Set down only these lines, exactly: the line containing "Grateful Dead And" and all lines through the end of the data below. Omit pictures.

━━━ STORED DATA

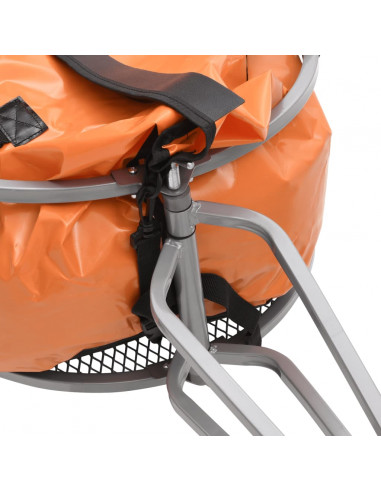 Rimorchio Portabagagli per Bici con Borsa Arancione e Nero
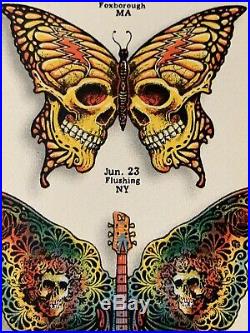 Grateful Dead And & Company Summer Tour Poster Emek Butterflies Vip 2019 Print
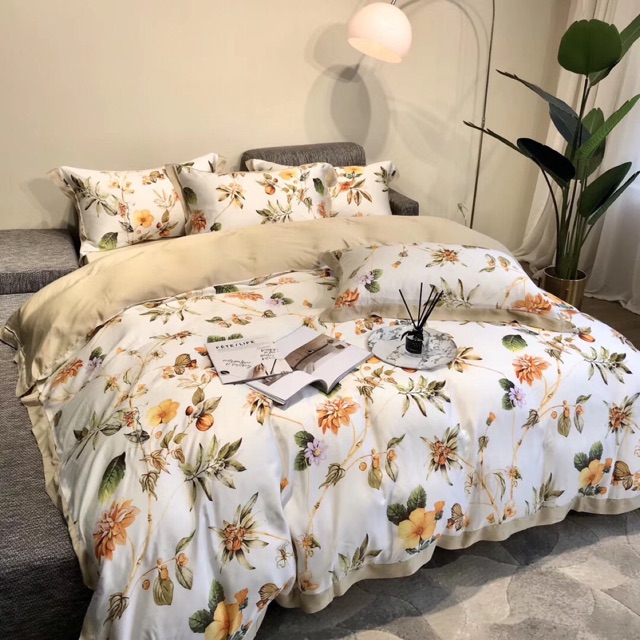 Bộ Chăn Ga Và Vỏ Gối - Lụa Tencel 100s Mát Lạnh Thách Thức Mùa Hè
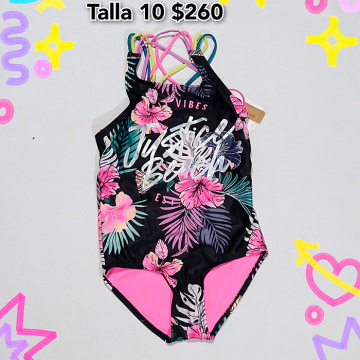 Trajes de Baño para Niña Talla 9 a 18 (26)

━━━━━━

REPLY TO THE TASK -
 Grateful Dead And & Company Summer Tour Poster Emek Butterflies Vip 2019 Print
 Bộ Chăn Ga Và Vỏ Gối - Lụa Tencel 100s Mát Lạnh Thách Thức Mùa Hè
 Trajes de Baño para Niña Talla 9 a 18 (26)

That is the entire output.